Categories
regex

What special characters must be escaped in regular expressions?

448

I am tired of always trying to guess, if I should escape special characters like ‘()[]{}|‘ etc. when using many implementations of regexps.

It is different with, for example, Python, sed, grep, awk, Perl, rename, Apache, find and so on.
Is there any rule set which tells when I should, and when I should not, escape special characters? Does it depend on the regexp type, like PCRE, POSIX or extended regexps?

8

412

Which characters you must and which you mustn’t escape indeed depends on the regex flavor you’re working with.

For PCRE, and most other so-called Perl-compatible flavors, escape these outside character classes:

.^$*+?()[{\|

and these inside character classes:

^-]\

For POSIX extended regexes (ERE), escape these outside character classes (same as PCRE):

.^$*+?()[{\|

Escaping any other characters is an error with POSIX ERE.

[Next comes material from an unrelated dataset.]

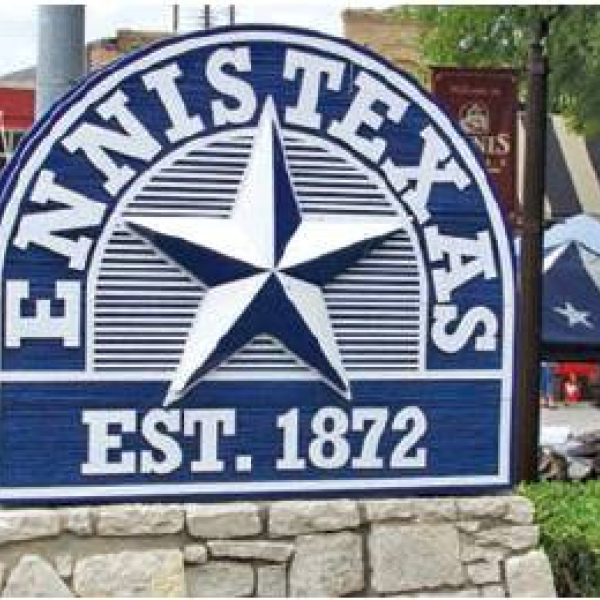 Howerton reflects on creation of former Ennis logo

Inside character classes, the backslash is a literal character in POSIX regular expressions. You cannot use it to escape anything. You have to use “clever placement” if you want to include character class metacharacters as literals. Put the ^ anywhere except at the start, the ] at the start, and the – at the start or the end of the character class to match these literally, e.g.:

[]^-]

In POSIX basic regular expressions (BRE), these are metacharacters that you need to escape to suppress their meaning:

.^$*[\

Escaping parentheses and curly brackets in BREs gives them the special meaning their unescaped versions have in EREs. Some implementations (e.g. GNU) also give special meaning to other characters when escaped, such as \? and +. Escaping a character other than .^$*(){} is normally an error with BREs.

Inside character classes, BREs follow the same rule as EREs.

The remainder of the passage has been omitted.